Along with arranging an inspection prior to purchase, be sure the inspector is a qualified and trained professional with experience in the field as well as with your particular brand of car.

car pre-purchase check

10 Things to Check in a Pre-purchase Inspection 

Pre-purchase vehicle inspection checklists are usually available from your local DMV or online websites and are an excellent resource to familiarize yourself with the important details, including this list of ten important pre-purchase checks:

  1. Dashboard components' condition and operation
  2. Tire wear, tread depth, and vehicle suspension
  3. Fluids, including engine oil, brake fluid, coolant, power steering fluid, and windshield washer fluid, and transmission fluid. Check for levels, leaks, and fluid clarity.
  4. Brakes—check for wear, corrosion, and pad condition
  5. Overall engine inspection: cooling system, belts, air filter, ignition components, transmission, exhaust system
  6. Check transmission for smooth operation.
  7. Exhaust manifold and muffler system
  8. Body condition—check for dents and rust
  9. Lights—headlights, brake lights, turn signals, hazard lights, reverse lights, interior dash and dome lights
  10. Heating and cooling system, including air conditioning and heater operation and temperature settings

What if I find damage during a vehicle inspection?

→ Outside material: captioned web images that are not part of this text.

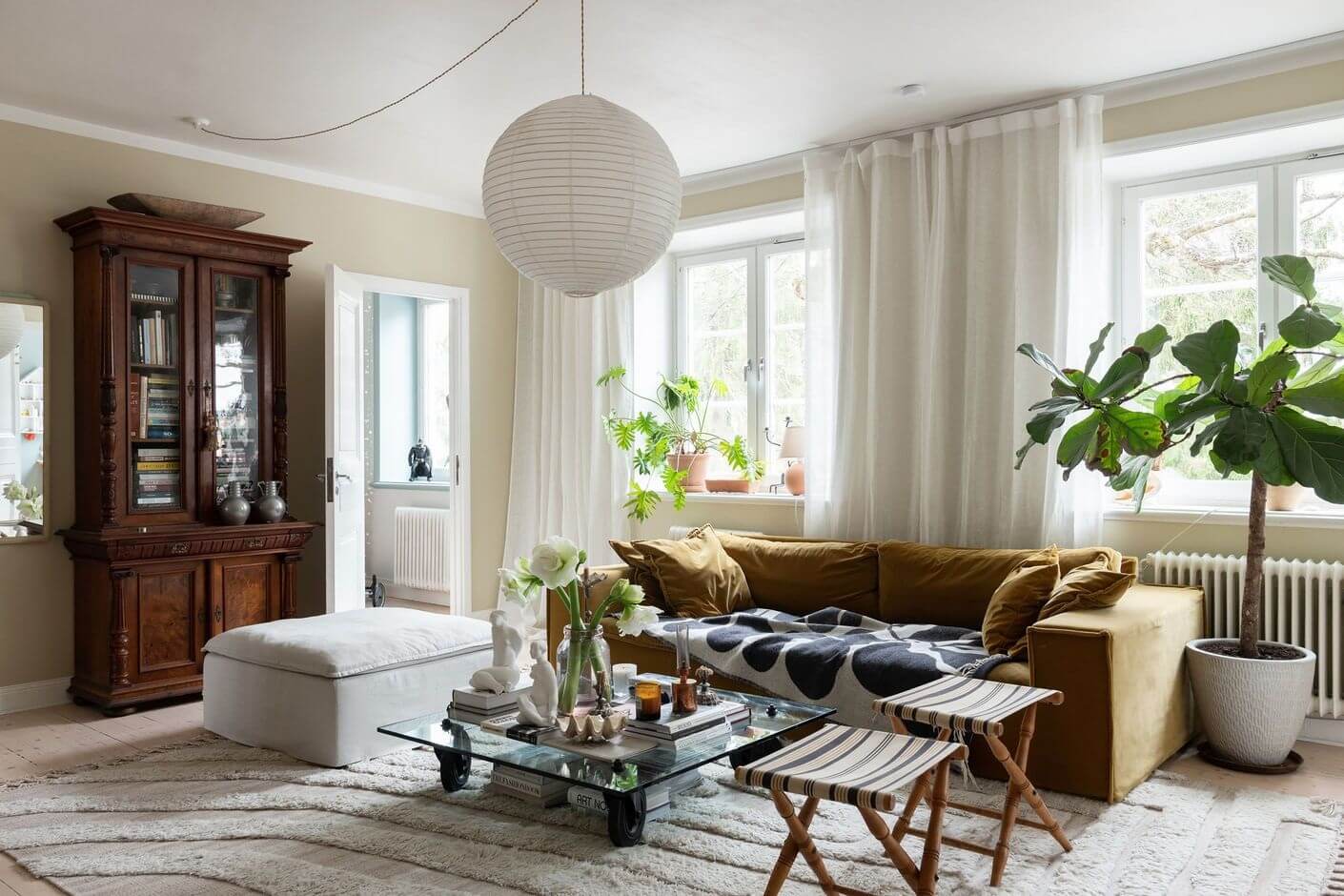 A Stockholm Apartment with Bohemian and Natural Touches 3 sofia wood living room A Stockholm Apartment with Bohemian and Natural Touches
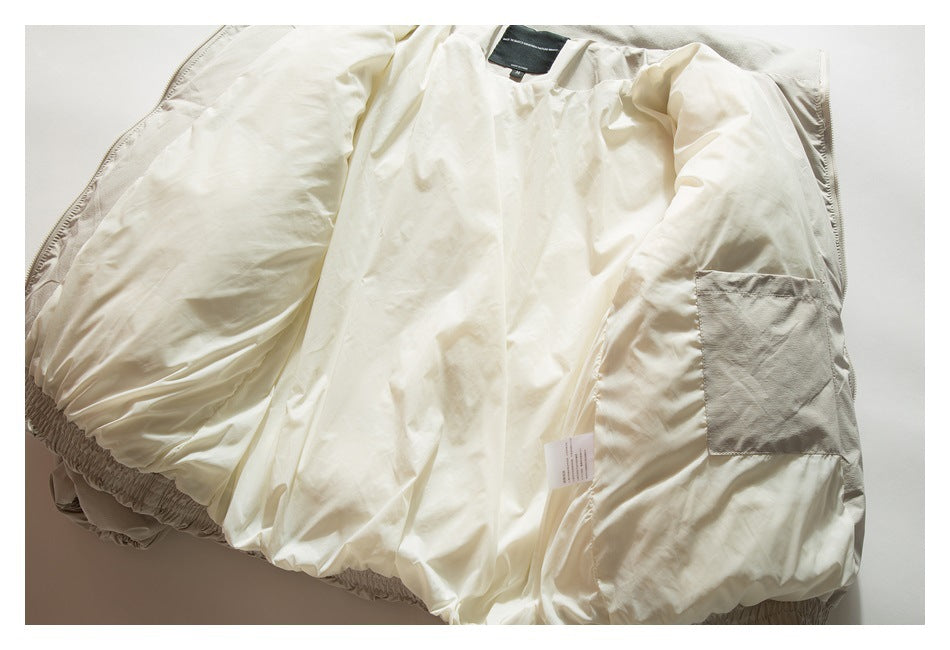 Inside view of a cream jacket laid flat, showing its lining, pocket, label, and elastic hem.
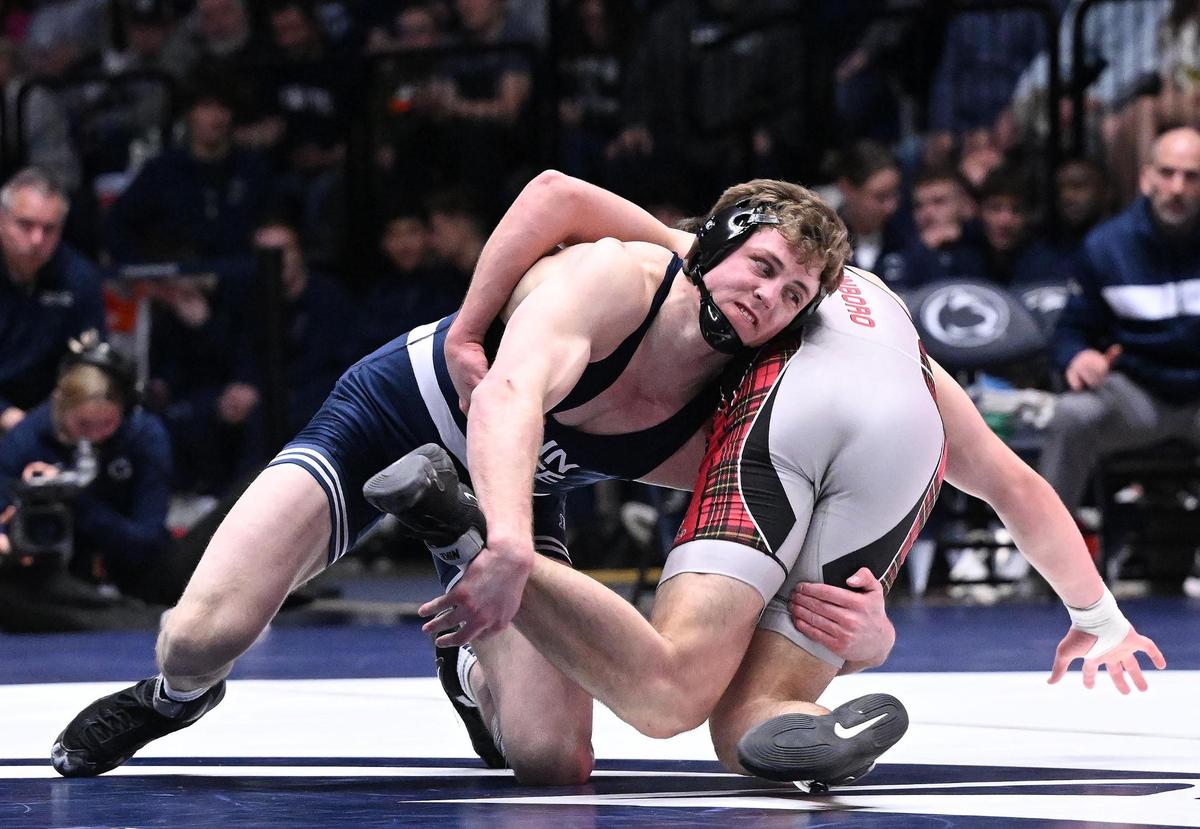 Penn State’s Bernie Truax takes down Edinboro’s Brody Evans at 184 pounds during Sunday’s final home wrestling meet at Rec Hall in University Park. Truax defeated Evans by tech fall. Penn State defeated Edinboro, 55-0.
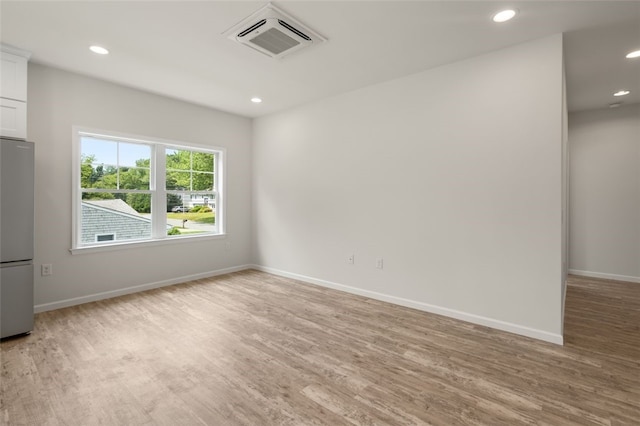 unfurnished room featuring recessed lighting, visible vents, baseboards, and light wood-style floors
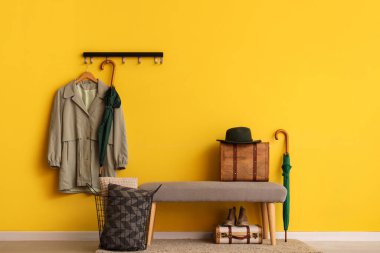 Sarı duvarda paltosu ve şemsiyesi olan sırık ve kancalar.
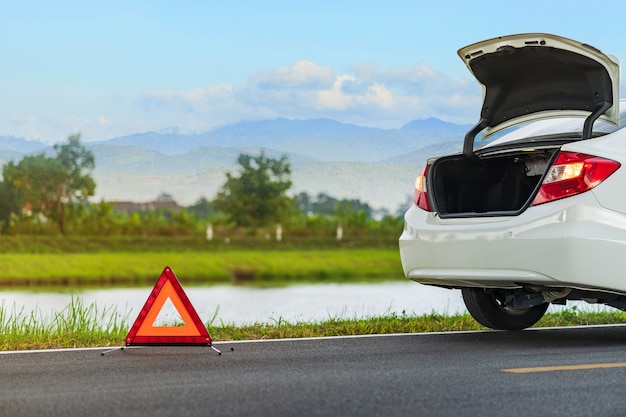 Problems car and a red triangle warning sign on the road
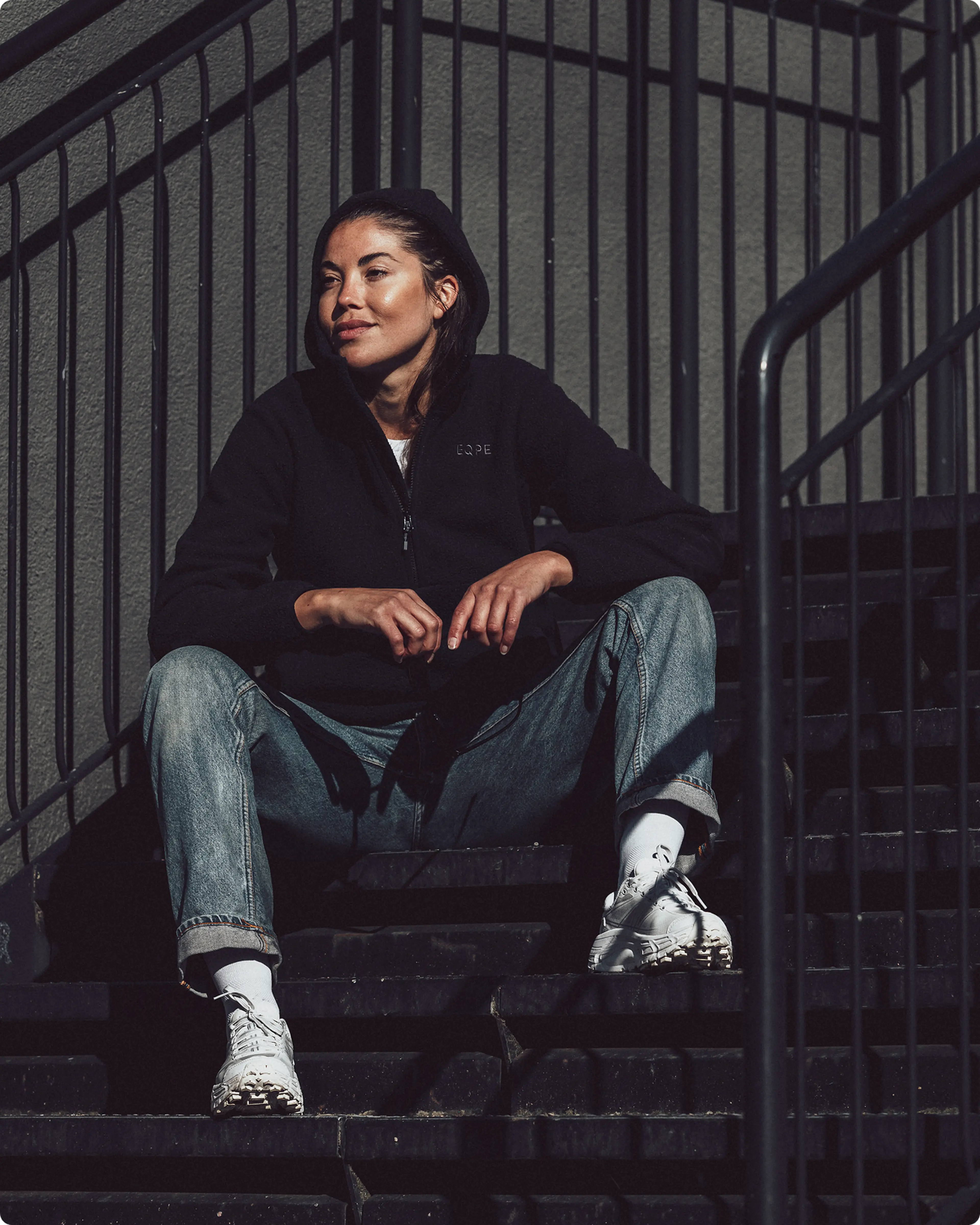 Person in a black hoodie and jeans sits on outdoor stairs, lit by sunlight, with metal railings in the background.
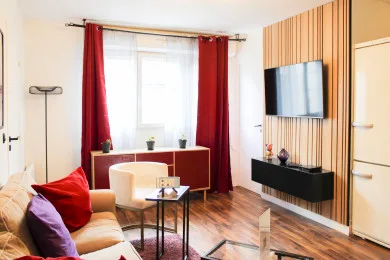 A living room with seating, red curtains, and a wall-mounted television.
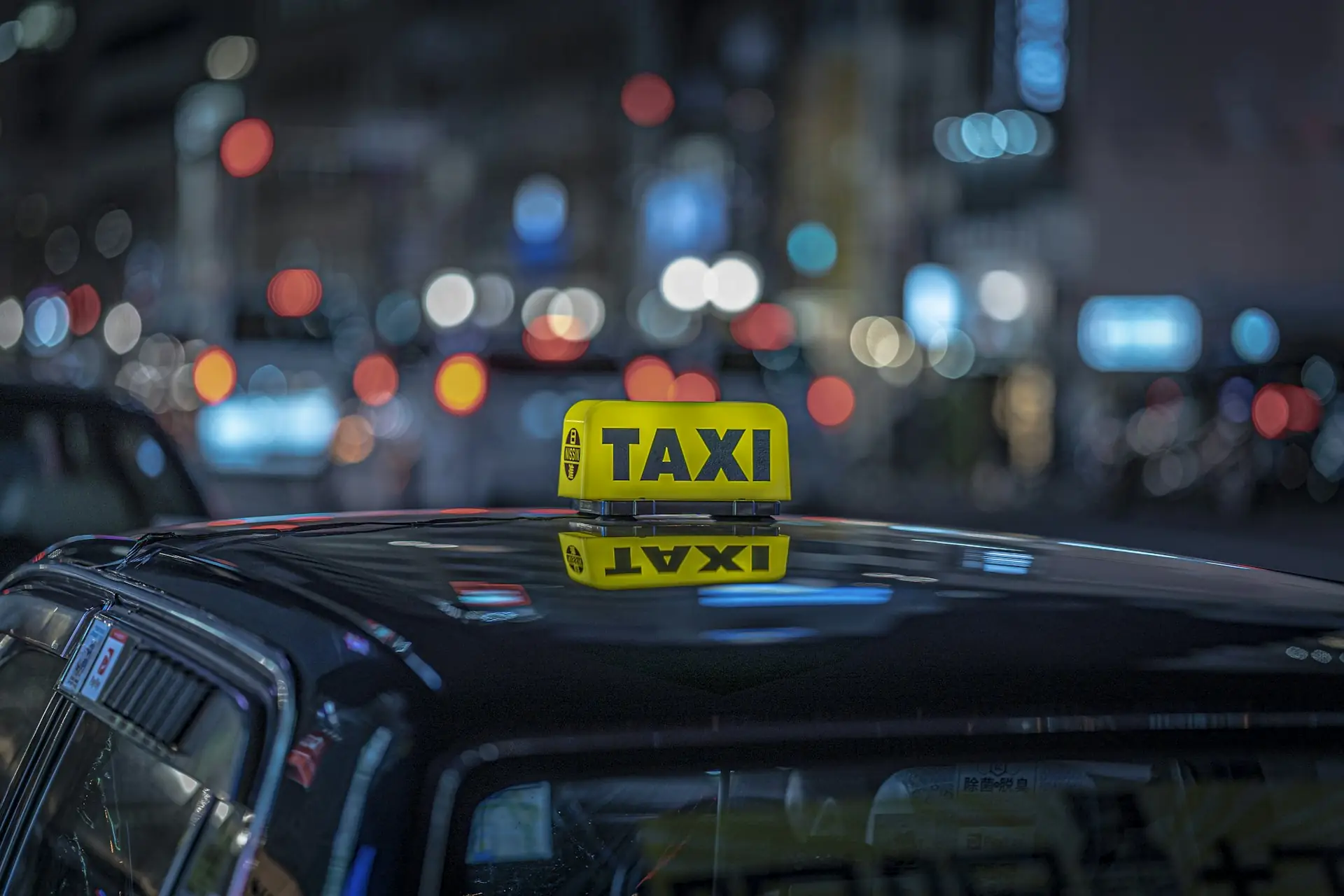 Illuminated taxi sign on a car roof at night with city lights behind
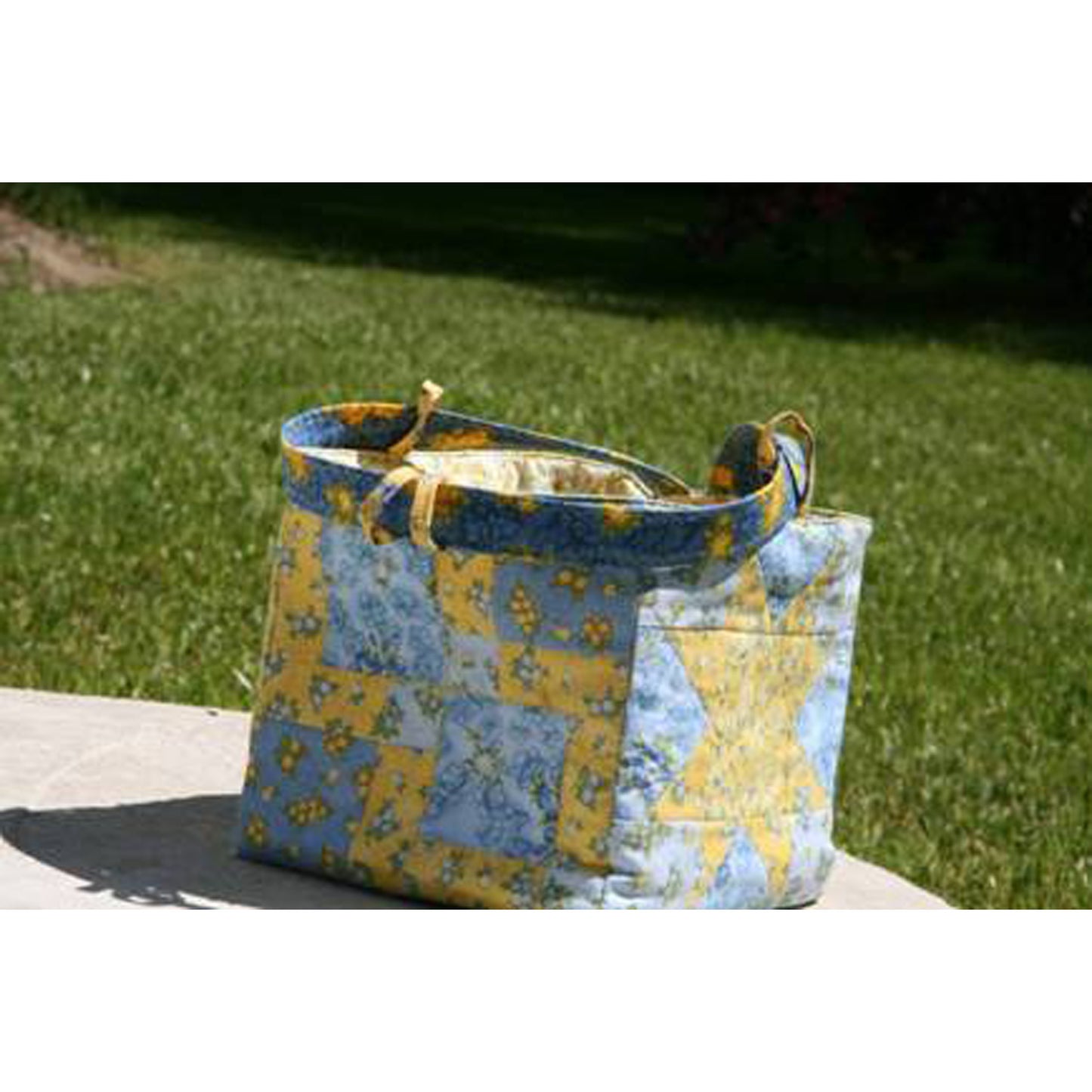 Blue and yellow patterned bag on a white surface with grass in the background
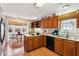 Bright kitchen boasts breakfast nook, double sink, granite countertops and wood cabinets at 9021 Delancey Cir, North Charleston, SC 29406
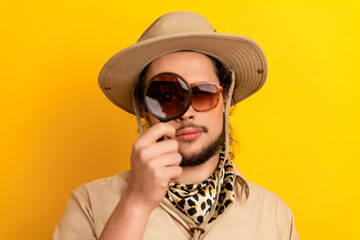 Obraz premium Man with safari hat and leopard scarf examines scene with a magnifying glass against a bright yellow background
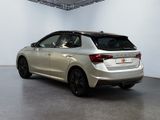 an image of a silver car in a showroom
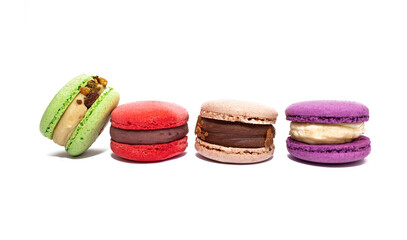 Sweet colorful macarons isolated on white background. Tasty red, green, brown, violet macaroons.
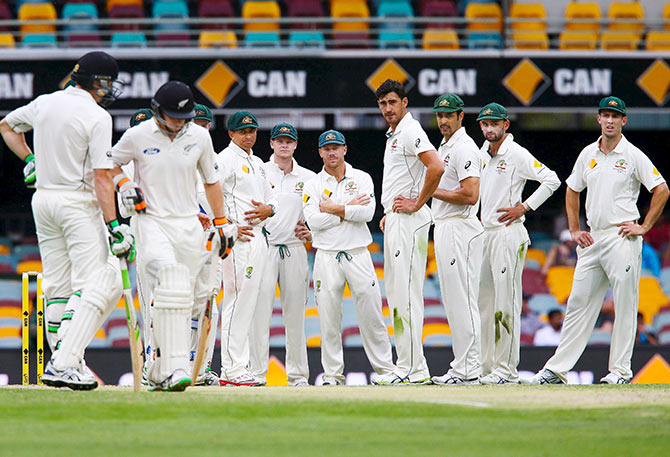 Australian players wait to see whether the New Zealand batsmen will challenge a decision 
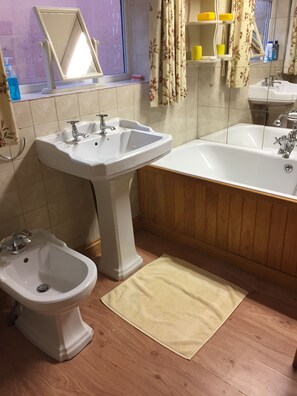 Separate bathtub and shower, deep-soaking bathtub, rainfall showerhead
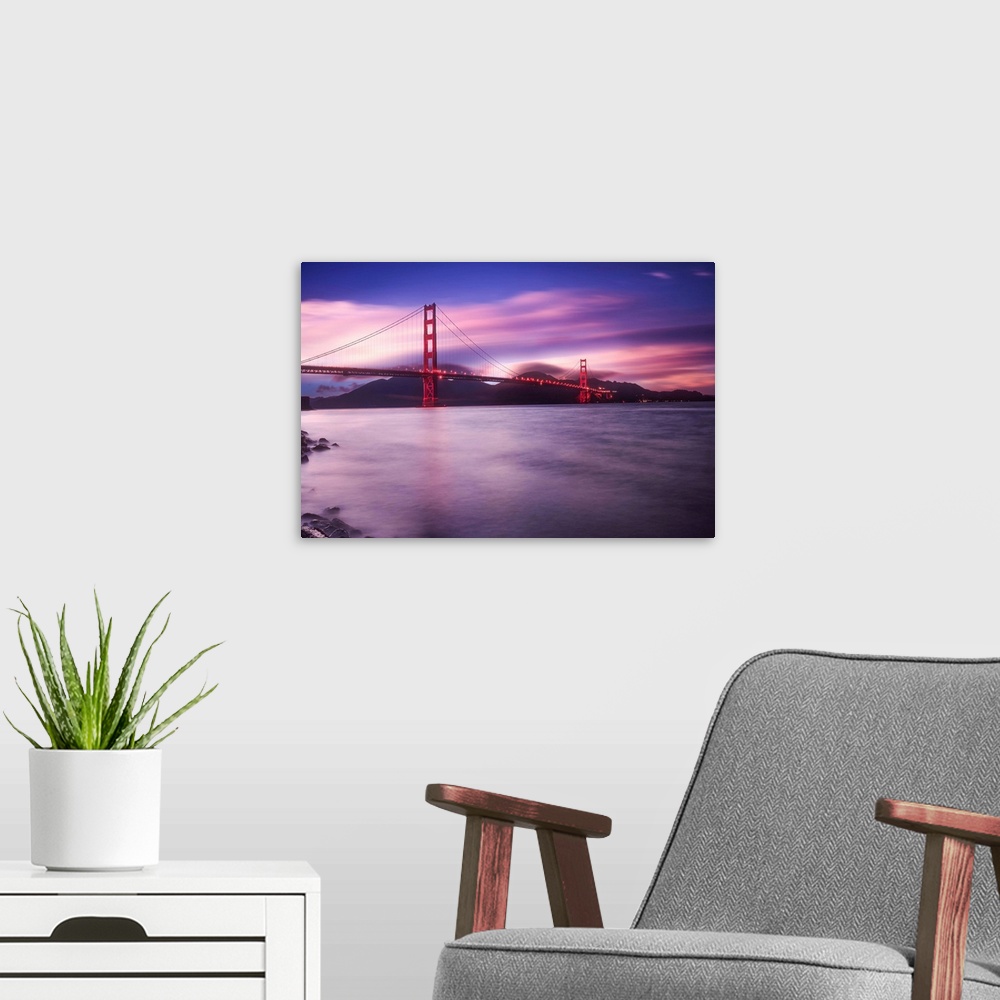 A modern room featuring Landscape photograph of a purple and pink sunset over the Golden Gate Bridge in San Francisco wit...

Take a close look at your pre-purchase inspection report. Was any damage disclosed? If so and the damage is not a deal-breaker or compromises safety, a vehicle with existing damage history can still be a great buy and in some cases is an unexpected opportunity to upgrade to a higher-level model.

Not only is a pre-purchase inspection the best way to learn a vehicle’s history and ensure any damage has been repaired, past or existing damage is an excellent leverage point when it comes to discussing a sale price.

Beware, however, of cases where a seller claimed a vehicle had no damage but was unwilling to verify it. This is usually a red flag that the seller is hiding something and it is probably a good time to back away from the sale and avoid any further issues. It is also good information to know that in some states, used car sellers are only required to disclose prior vehicle damage of more than 25% of its fair market value.

That means you could be in dark regarding a great deal of a vehicle’s damage. Even new cars in some states can include less than 5% damage and not report it to buyers. Keep in mind that every state has its own regulations involving vehicle damage and wise buyers will educate themselves to this effect before purchasing.

Is it Time to Buy?

When purchasing a used car, a pre-purchase inspection can be an invaluable tool in making a final decision. Did you learn that the car rear-ended a garbage truck a year ago and the car’s frame is damaged? Is that odd odor in the back seat the result of standing water inside the car from a flood? Did the PPI report come back clean as a whistle and the car is in even better condition than you thought?

If you are not satisfied with the PPI report, it’s now time to decide if you want to buy or not. You can return to the seller and renegotiate a price or discuss other buying options or if you are buying from a dealer, they will likely work with you however possible to encourage the sale.

In either scenario, the advantage is on your side. It’s up to you to decide to make the purchase. The responsibility is also yours; if a vehicle fits your individual needs and desires but has some form of damage or particular malfunction, this is your opportunity to buy the car and address or live with the imperfections. On the other hand, it is also the time to be smart and in light of significant mechanical issues, negotiate pre-purchase repairs or a lower sale price.

Your ultimate goal is a safe, reliable car that you enjoy. Everything you can do prior to purchasing that car goes a long way in securing the product you want, without surprises. Don’t buy a used car without arranging a thorough inspection completed by a pro. It is time and money well spent.